Like The Waters, We Rise: Climate Justice in Print
The Natural History Museum is pleased to take part in this group exhibition Like the Waters, We Rise, featuring a selection of print-based work that documents the contemporary Climate Justice Movement (2005-present), which is in truth a movement made up of movements, illuminating the many struggles, flashpoints, and victories by which communities have taken collective action.
The Occupation of Alcatraz
A conversation with two original Alcatraz Occupiers about the context in which the Occupation occurred; energy and intent behind the Occupation; immediate impacts of the Occupation on policy, politics and culture in Indian Country; and reasons the Occupation is equally relevant 50 years later. Moderator Julian Brave NoiseCat (Canin Lake Band Tsq’escen), Narrative Change Director for The Natural History Museum, will also discuss contemporary Indigenous activism.
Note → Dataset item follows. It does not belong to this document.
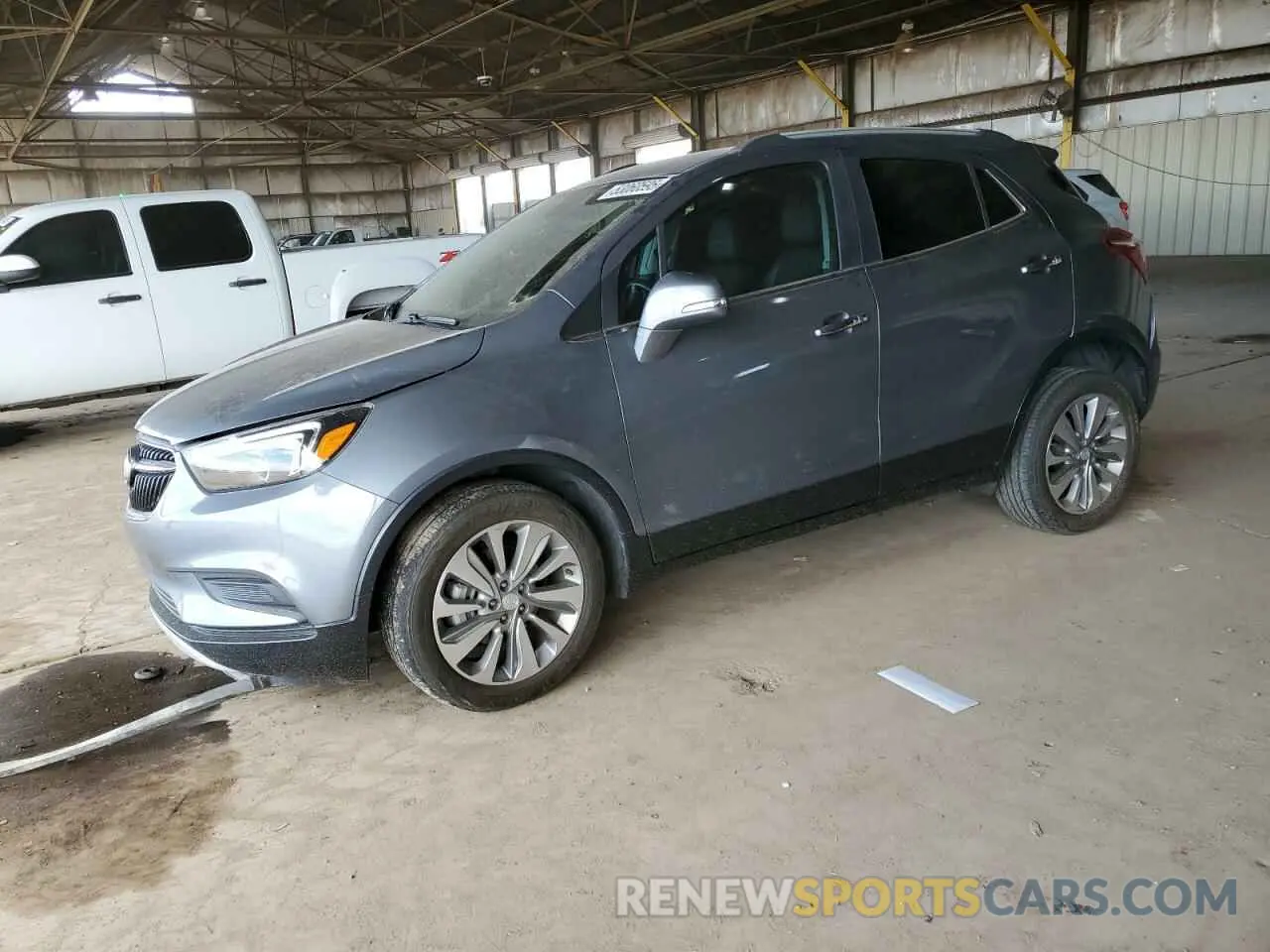 1 Photograph of a damaged car KL4CJASB5KB891726 BUICK ENCORE 2019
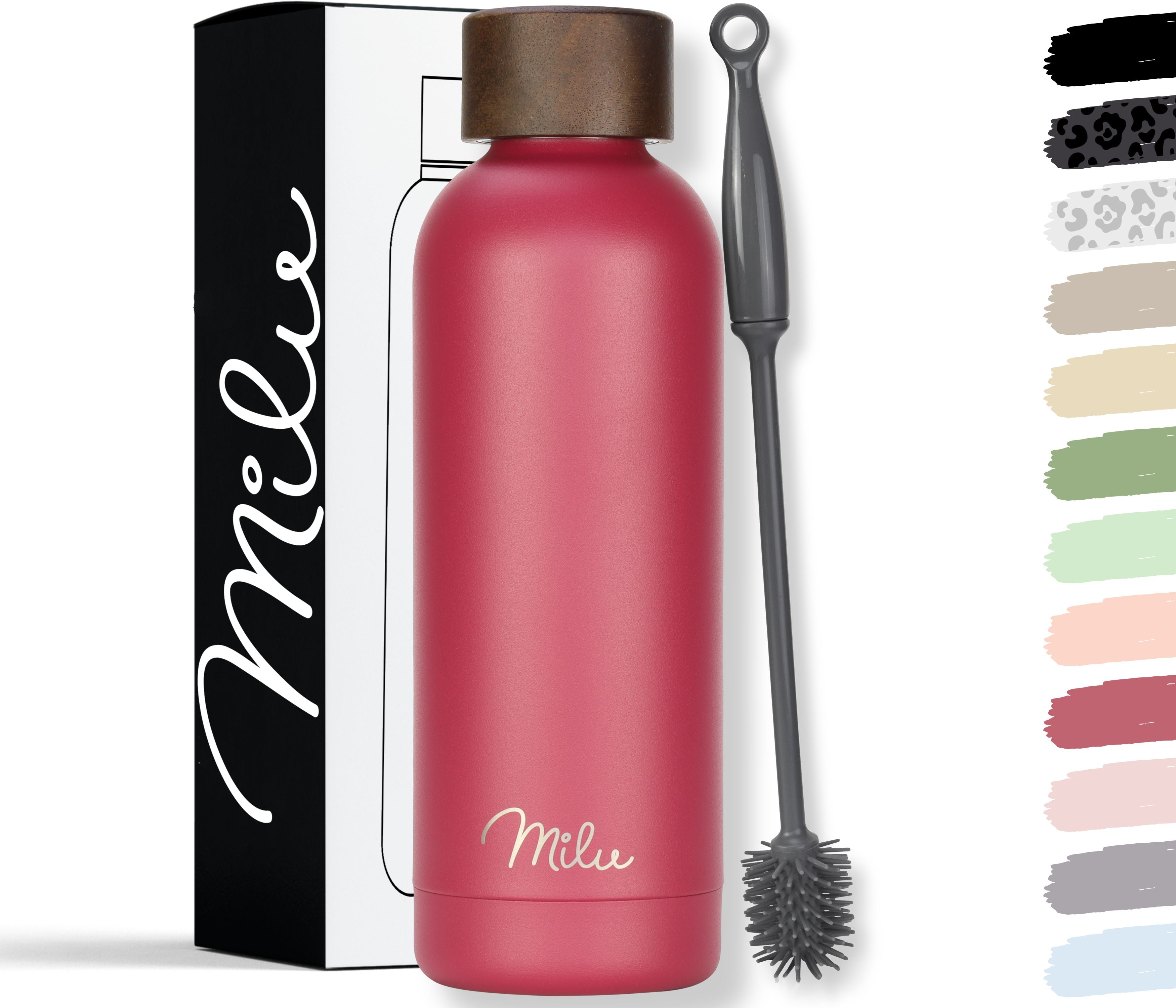 Milu isolierte, auslaufsichere Thermosflasche, Edelstahl (500 ml, 750 ml, 1000 ml) (CB)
The Indigenous Canoe Movement
A conversation with three Indigenous leaders from across North America rebuilding canoe and maritime traditions in their own communities. All will also speak to the challenges and positive impacts of canoe culture on Indigenous communities and the environmental movement.
The Indigenous Environmental Movement
Three Indigenous millennial activists will speak to the role of indigenous peoples in protecting water, land and biodiversity in the face of environmental and moral hazards including fossil fuel extraction and climate change.